Quantum computing of nonlinear reacting flows via the probability density function method

TL;DR

This work addresses the challenge of simulating nonlinear reacting flows with stiff chemical source terms on quantum hardware by transforming the problem into a high-dimensional linear PDF transport equation. The entire space-time evolution is encoded in a single linear system via the history-state quantum linear solver, bypassing iterative time-stepping and intermediate measurements. A dedicated measurement scheme is developed to extract PDF moments efficiently, using a diagonal unitary and low-order polynomial approximations to achieve polynomial in $ obreak ext{log}(N)$ cost. Validation on a perfectly stirred reactor demonstrates the framework's ability to capture PDF evolution and statistics, highlighting a promising pathway for quantum-enabled nonlinear PDE simulations, albeit with hardware resource constraints and future work on optimization and diffusion integration.

Abstract

Quantum computing offers the promise of speedups for scientific computations, but its application to reacting flows is hindered by nonlinear source terms and the challenges of time-dependent simulations. We present a quantum framework to address these issues. We employ a probability density function (PDF) formulation to transform the nonlinear reacting-flow governing equations into high-dimensional linear ones. The entire temporal evolution is then solved as a single large linear system using the history state method, which avoids the measurement bottleneck of conventional time-marching schemes and fully leverages the advantages of quantum linear system algorithms. To extract the quantity of interest from the resulting quantum state, we develop an efficient algorithm to measure the statistical moments of the PDF, bypassing the need for costly full-state tomography. A computational complexity analysis indicates the potential for a near-exponential speedup over classical algorithms. We validate the framework by simulating a perfectly stirred reactor, demonstrating its capability to capture the PDF evolution and statistics of a nonlinear reactive system.

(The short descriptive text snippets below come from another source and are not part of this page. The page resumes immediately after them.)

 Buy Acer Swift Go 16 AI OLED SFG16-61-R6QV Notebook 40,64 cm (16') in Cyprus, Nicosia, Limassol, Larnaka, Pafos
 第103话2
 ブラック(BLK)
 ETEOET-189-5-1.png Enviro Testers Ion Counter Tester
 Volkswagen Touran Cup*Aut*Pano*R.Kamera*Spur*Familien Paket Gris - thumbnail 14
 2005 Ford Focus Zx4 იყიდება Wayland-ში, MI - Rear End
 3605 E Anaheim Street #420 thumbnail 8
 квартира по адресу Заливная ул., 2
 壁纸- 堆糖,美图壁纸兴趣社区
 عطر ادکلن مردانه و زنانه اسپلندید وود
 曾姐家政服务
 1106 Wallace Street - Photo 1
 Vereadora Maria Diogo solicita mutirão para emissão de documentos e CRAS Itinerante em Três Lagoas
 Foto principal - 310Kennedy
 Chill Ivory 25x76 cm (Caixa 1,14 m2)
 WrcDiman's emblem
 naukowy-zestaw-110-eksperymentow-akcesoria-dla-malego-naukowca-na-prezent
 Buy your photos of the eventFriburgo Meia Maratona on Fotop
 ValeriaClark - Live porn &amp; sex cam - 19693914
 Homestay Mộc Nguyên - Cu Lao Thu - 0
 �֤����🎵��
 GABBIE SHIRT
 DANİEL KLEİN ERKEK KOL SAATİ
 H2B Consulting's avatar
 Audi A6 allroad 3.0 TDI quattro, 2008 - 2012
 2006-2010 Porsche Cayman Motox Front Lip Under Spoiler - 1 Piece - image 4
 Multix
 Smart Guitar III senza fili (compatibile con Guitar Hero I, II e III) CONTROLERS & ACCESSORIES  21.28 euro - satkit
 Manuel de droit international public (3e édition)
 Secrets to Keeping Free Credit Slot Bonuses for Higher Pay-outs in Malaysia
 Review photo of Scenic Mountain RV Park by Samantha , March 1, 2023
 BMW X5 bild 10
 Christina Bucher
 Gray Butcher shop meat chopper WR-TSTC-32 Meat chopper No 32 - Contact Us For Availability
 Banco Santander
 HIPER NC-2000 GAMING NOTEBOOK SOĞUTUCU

This work establishes a pathway for applying quantum computing to nonlinear reacting flows.

Figures (5)

• Figure 1: Comparison of our history state method (left) with a conventional time-stepping approach (right) for solving the PDF transport equation. Our history state method solves the entire space-time evolution with a single QLSA call, avoiding the measurement bottleneck in the iterative conventional approach.
• Figure 2: Quantum circuit to measure the statistics from $\ket{\psi}$ encoding PDF on $n$ qubits.
• Figure 3: Operational cost for the exact operator $U$ and its low-order approximations, against the number of qubits $n$.
• Figure 4: PDF evolution obtained via the history state approach, using $n=9$ qubits for temporal and compositional spaces.
• Figure 5: Mean $\overline{\phi}$ and variance $\overline{\phi\prime^2}$ obtained with exact measurement operator $U$ and its low-order approximations.